A recent breakthrough development in medical imaging has been the emergence of point-of-care ultrasound (POCUS) devices, especially those systems that are wireless. Seen at right is a POCUS system from Clarius used to study the breast where the images appear, in real time, on a tablet screen. One of the challenges POCUS users face is to control multiple imaging functions such as gain and depth, and so Clarius has added an artificial intelligence (AI) feature based on voice recognition that frees up the user’s hands while performing an examination.

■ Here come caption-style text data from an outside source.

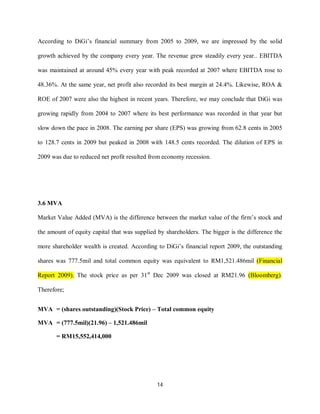 14
According to DiGi’s financial summary from 2005 to 2009, we are impressed by the solid
growth achieved by the company every year. The revenue grew steadily every year.. EBITDA
was maintained at around 45% every year with peak recorded at 2007 where EBITDA rose to
48.36%. At the same year, net profit also recorded its best margin at 24.4%. Likewise, ROA &
ROE of 2007 were also the highest in recent years. Therefore, we may conclude that DiGi was
growing rapidly from 2004 to 2007 where its best performance was recorded in that year but
slow down the pace in 2008. The earning per share (EPS) was growing from 62.8 cents in 2005
to 128.7 cents in 2009 but peaked in 2008 with 148.5 cents recorded. The dilution of EPS in
2009 was due to reduced net profit resulted from economy recession.
3.6 MVA
Market Value Added (MVA) is the difference between the market value of the firm’s stock and
the amount of equity capital that was supplied by shareholders. The bigger is the difference the
more shareholder wealth is created. According to DiGi’s financial report 2009, the outstanding
shares was 777.5mil and total common equity was equivalent to RM1,521.486mil (Financial
Report 2009). The stock price as per 31st
Dec 2009 was closed at RM21.96 (Bloomberg).
Therefore;
MVA = (shares outstanding)(Stock Price) – Total common equity
MVA = (777.5mil)(21.96) – 1,521.486mil
= RM15,552,414,000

Recognising that most low- and middle-income countries lack access to breast screening programmes, meaning women with palpable lumps may wait months for diagnostic assessment, Wendie Berg and her colleagues sought to address the problem. They set out “to demonstrate that artificial intelligence (AI) software applied to breast ultrasound images obtained with low-cost portable equipment and by minimally trained observers could accurately classify palpable breast masses for triage in a low-resource setting.” Published in Radiology this week, this was a prospective study conducted over three-and-a-half years in Mexico where the participants had at least one palpable mass.
Orthogonal images were obtained first with the Vscan POCUS system from GE HealthCare, and then with a larger, standard-of-care (SOC) device manufactured by Hitachi. There were 758 masses found in 300 women and all images were analysed using the AI software from Koios Medical. The outputs were judged to be benign, probably benign, suspicious, or malignant. The mean patient age was 50 years, the average largest lesion diameter was 13mm, and 56 (7.4%) of the masses were malignant.
The figure below right (© RSNA) shows a low-grade ductal carcinoma in situ (DCIS) where A was acquired with POCUS and B with the SOC device. The AI algorithm classified the lesion as “probably benign” and “suspicious” respectively, with the difference being explained by the better quality of the SOC image. Overall, AI correctly identified 96% and 98% of women with cancer based on POCUS and SOC respectively, while SOC performed significantly better than POCUS for correctly identifying benign lesions.
Importantly, AI performance was reduced when images were obtained with the low-cost POCUS device by a minimally trained observer. Berg was nevertheless upbeat about the outcome, declaring “this should improve access, health equity, and outcomes for women.” In an accompanying editorial, Priscilla Slanetz of Boston commented: “Integrating AI into these lower-resource environments is yet another step that will lessen the burden of disease in these vulnerable patients who currently face major obstacles to care.” And that’s good news for women in the developing world.